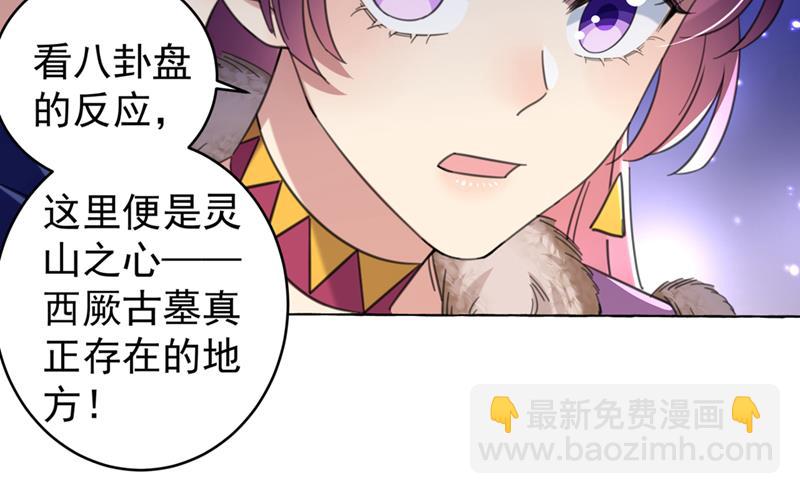 🍘王爷不能撩 决定跳崖！ 第38页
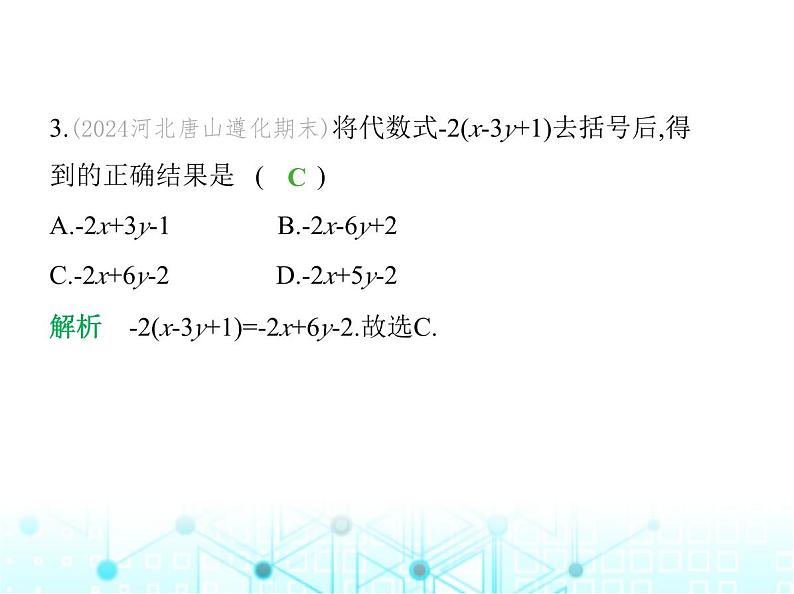 冀教版七年级数学上册第四章整式的加减4.3去括号课件第4页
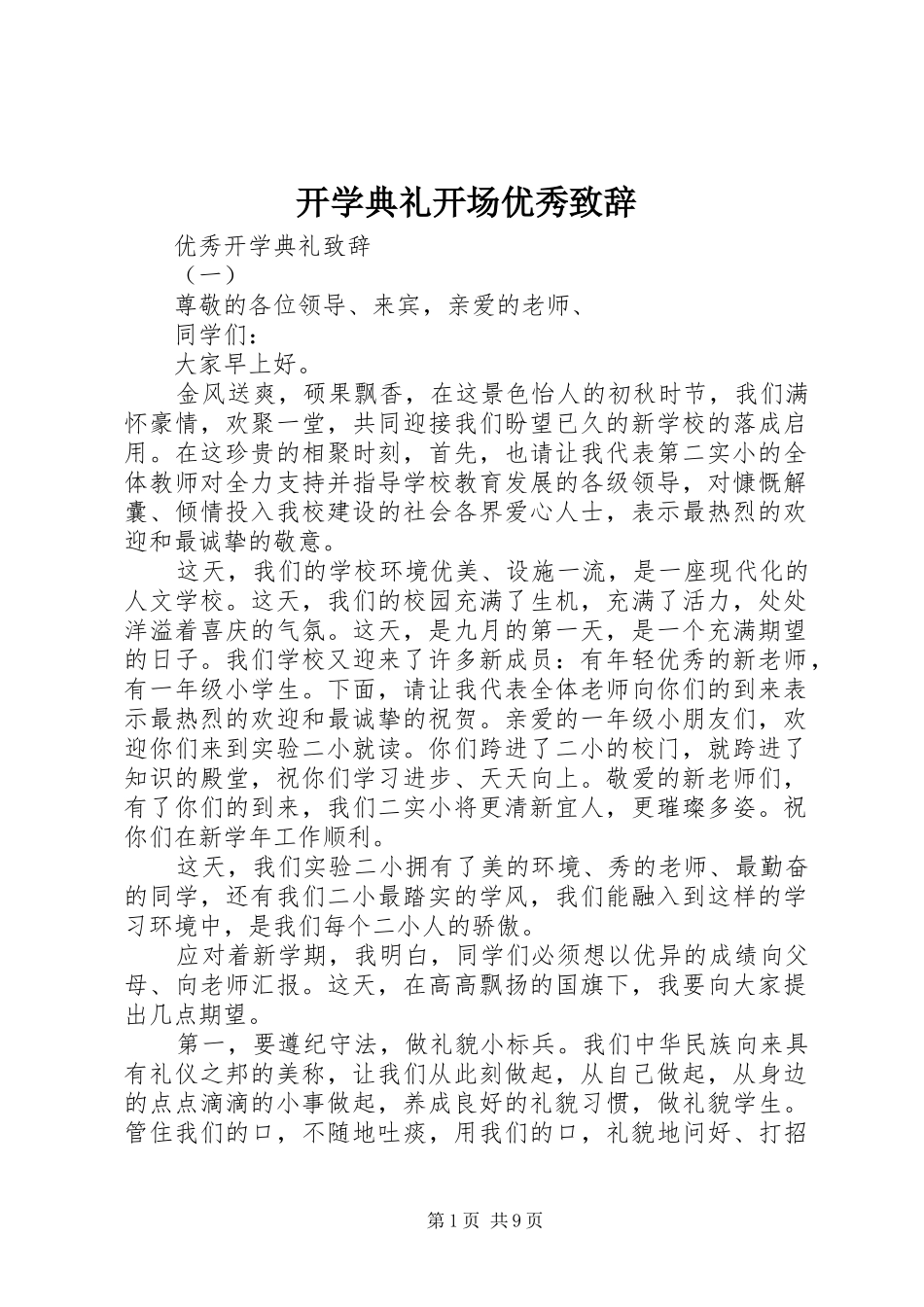 开学典礼开场优秀演讲致辞_第1页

┄┄┄┄┄┄┄┄┄┄

> **Work instructions**:
Could you give all of the data again exactly as written, omitting any pictures?

> **Response below**:
 🍘王爷不能撩 决定跳崖！ 第38页
 冀教版七年级数学上册第四章整式的加减4.3去括号课件第4页
 开学典礼开场优秀演讲致辞_第1页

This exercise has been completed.